O paged me - "got one for ya." He's so cool. I love doing things for O because he never gets psycho. Even when he was berating the night shift for not drawing cardiac enzymes, he never raised his voice, just explained things in a this-is-ridiculous tone of voice, words carefully chosen and very fast. I wish I were like that.
Met him in the shock room in front of a mountain of flesh. The man is nearly 2 Hoosier Units - that's almost 400 pounds, for those of you not from the Midwest - and he smells bad. And he's on oxygen, staring blankly into space. We try to get a history. He's not cooperative, other than giving us his mother's name - doesn't tell us anything useful. It's not that he refuses to answer questions, it's that he doesn't. Just keeps talking about nothing.
I keep going, O calls mom. He told me a huge run-on story, with highlights like the following:
- He used to be a police cadet before he got whacked and spent a long time in a coma.
- When he was working, he used to mark where his truck was parked, and someone moved it every day. That same someone (he had names for all this, but I don't remember them) got a spare key to his house and beat him up and took all his money because he called the drug house over on (some street) in to the police.
- He faxed the info to the Feds in Waco that let them bust the place.
- Someone stole his van and chased him all over town with it.
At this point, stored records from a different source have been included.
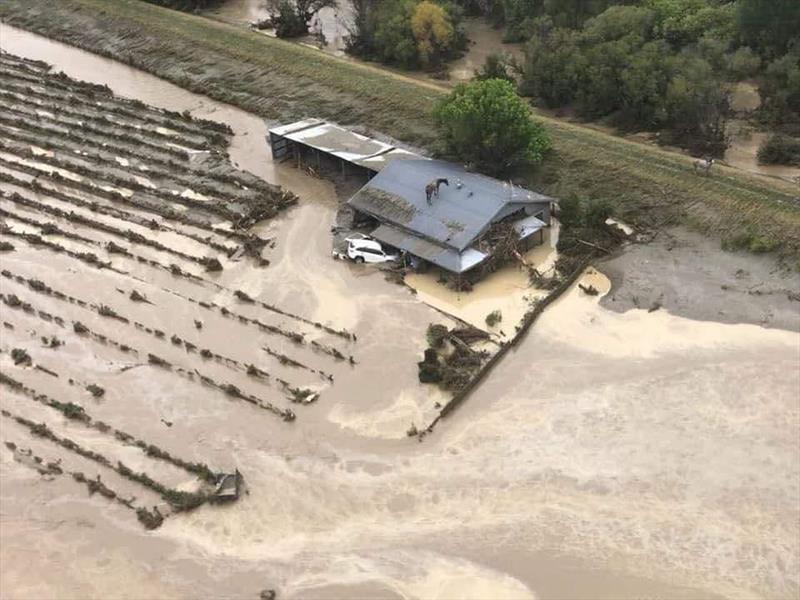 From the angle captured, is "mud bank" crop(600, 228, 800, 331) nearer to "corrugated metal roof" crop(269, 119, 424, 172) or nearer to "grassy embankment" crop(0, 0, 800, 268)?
A: "grassy embankment" crop(0, 0, 800, 268)

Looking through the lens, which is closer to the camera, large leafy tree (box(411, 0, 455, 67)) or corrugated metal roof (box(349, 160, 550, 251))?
corrugated metal roof (box(349, 160, 550, 251))

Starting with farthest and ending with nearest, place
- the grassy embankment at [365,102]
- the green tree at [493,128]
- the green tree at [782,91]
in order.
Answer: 1. the green tree at [782,91]
2. the green tree at [493,128]
3. the grassy embankment at [365,102]

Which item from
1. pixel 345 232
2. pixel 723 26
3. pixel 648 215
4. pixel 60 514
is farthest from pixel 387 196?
pixel 723 26

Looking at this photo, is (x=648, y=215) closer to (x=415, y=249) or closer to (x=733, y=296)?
(x=733, y=296)

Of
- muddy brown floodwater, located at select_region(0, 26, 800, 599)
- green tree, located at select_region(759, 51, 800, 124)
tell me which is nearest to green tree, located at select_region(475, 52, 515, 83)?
green tree, located at select_region(759, 51, 800, 124)

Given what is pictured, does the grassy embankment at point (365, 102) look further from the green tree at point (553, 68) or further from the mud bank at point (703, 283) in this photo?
the green tree at point (553, 68)

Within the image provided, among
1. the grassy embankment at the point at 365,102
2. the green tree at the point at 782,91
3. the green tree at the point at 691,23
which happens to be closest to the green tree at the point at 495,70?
the grassy embankment at the point at 365,102

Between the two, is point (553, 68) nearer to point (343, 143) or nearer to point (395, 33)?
point (395, 33) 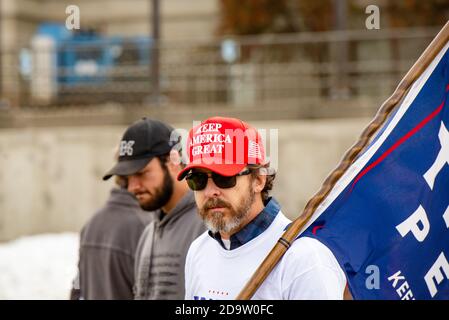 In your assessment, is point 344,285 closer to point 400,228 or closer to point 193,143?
point 400,228

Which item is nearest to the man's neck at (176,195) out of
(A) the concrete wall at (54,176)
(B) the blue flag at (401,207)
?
(B) the blue flag at (401,207)

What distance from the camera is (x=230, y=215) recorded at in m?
3.69

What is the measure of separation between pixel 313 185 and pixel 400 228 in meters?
9.48

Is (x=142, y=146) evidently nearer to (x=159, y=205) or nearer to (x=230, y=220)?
(x=159, y=205)

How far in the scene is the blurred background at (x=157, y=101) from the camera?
42.5 ft

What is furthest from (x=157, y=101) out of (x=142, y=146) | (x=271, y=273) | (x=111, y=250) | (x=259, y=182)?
(x=271, y=273)

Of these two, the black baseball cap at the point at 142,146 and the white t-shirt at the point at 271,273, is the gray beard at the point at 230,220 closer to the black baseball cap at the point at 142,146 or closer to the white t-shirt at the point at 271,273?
the white t-shirt at the point at 271,273

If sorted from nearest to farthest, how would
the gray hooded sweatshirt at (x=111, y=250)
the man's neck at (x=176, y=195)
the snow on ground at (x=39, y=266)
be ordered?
the man's neck at (x=176, y=195), the gray hooded sweatshirt at (x=111, y=250), the snow on ground at (x=39, y=266)

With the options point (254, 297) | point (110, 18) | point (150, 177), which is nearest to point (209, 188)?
point (254, 297)

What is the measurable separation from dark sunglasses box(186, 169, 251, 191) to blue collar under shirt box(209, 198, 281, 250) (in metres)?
0.16

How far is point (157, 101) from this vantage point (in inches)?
551

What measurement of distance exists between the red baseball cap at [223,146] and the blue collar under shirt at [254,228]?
0.20 metres

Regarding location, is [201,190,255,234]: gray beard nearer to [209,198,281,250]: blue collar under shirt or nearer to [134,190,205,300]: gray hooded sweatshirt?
[209,198,281,250]: blue collar under shirt

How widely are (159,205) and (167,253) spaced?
28 cm
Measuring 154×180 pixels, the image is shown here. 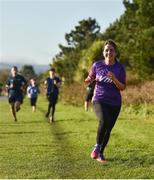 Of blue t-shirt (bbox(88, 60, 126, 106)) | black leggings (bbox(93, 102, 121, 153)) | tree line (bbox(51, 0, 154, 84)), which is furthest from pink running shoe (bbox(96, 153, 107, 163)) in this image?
tree line (bbox(51, 0, 154, 84))

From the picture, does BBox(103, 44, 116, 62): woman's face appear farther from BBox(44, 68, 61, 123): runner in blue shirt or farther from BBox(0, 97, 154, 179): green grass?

- The reason he's in the hospital is because (name) right over there (here he points to the ER nurse), who stole one of his police cadet uniforms and used it to pretend to be a cop, knew that he knew that he wasn't really a cop and found him on top of his mom's house and shot him. But our patient, being a canny fellow, had a camera on a pole to watch the roof of his mama's house and it's wired to a TV downtown, right to the Federal Government, and they sent the police.
O gets off the phone as I'm listening. I finally escape to find out that Mama says he does cocaine, and that he gets these spells like this...and there he is, still talking as long as he thinks I'm listening. He went on and on and on. This is a mid-forties gentleman who still lives with his parents and does cocaine, obviously with some kind of delusional thinking, and we don't know when he last drank - he says some kind of liquor-store wine, I'm thinking Red Rose type, three days ago.
We're scanning his head, his heart (oh, he's in atrial fib, and he has hypertension, and he has diabetes), and his blood. Tox is negative, alcohol is negative, so our guesses are some kind of stroke, DT's, or just plain crazy. Peeked at the labs and someone's ordered a syphilis screen. It's possible...
I'd barely finished with him when O sends me over to see the next girl. I have a Mage character who's a barely-legal child of a hippie, raised on peyote and pot, hooked on X and only avoiding hard drugs because she's too vain to stomach the idea of needle tracks marring her body. This girl was Jen gone wrong.
She's early-twenties, history of having showed up at the ER once for detox with a claim of shooting up heroin 10x a day, taking percocet 60-80mg, and about 150 other pills, and walking out before the paperwork was done. She's in now because her dad picked her up from a friend's and noticed she was absofriggin'lutely nuts. We got her because her creatinine is high.
Urine tox is positive for cocaine, amphetamines, and opiates. Interview consisted of us asking questions and her talking a hundred miles a minute about somethign completely else, then apologising and giving us a few semi-lucid seconds. She told us she'd been shooting up cocaine and heroin the previous night - not together, no, sequentially. "Wouldn't they just cancel each other out?" A asked me later. "Get nothing?" He was being facetious. She probably was doing something else - the girl was completely manic, absolutely out of her mind with drugs. It was an amazing experience. I could put my hand on her shoulder - the contact seemed to give her focus; she'd look at me and keep looking at me as long as I was touching her - and talk to her, she'd pay attention to my face, nod a bit, get teary. And then I'd ask a question and she'd give me a high-velocity stream of gibberish before looking all around. She was very concerned with under the bed, and with all the other patients.
We gave her enough Ativan to put her to sleep so the nurses could get fluids in her and draw labs. She later woke up, I was told, and they had taken her out of restraints, so she was dancing half-naked around her little isolation room. When we got there she was in restraints - one hand, one foot. ER nurse said "She's gotten out twice already - walks around popping into other people's cubicles and scaring them - I just use them to slow her down a bit. I don't want to lose her."
I wonder, O Best Beloved, what she'll be like tomorrow as she starts to go into withdrawal from the heroin and amphetamines...
It's half an hour past my self-assigned bedtime. We capped around 8 or so except for the shockroom patient, I have my two admits and my H&P work is done; I've been dismissed for the night. In the morning I have three patients - one druggie, one strange man, and the sweet old lady with the stroke and the childish gestalt. Nobody in their right mind today. Is it a full moon?
Friday I see my Angel. Friday I get my car. Fridayfridayfriday.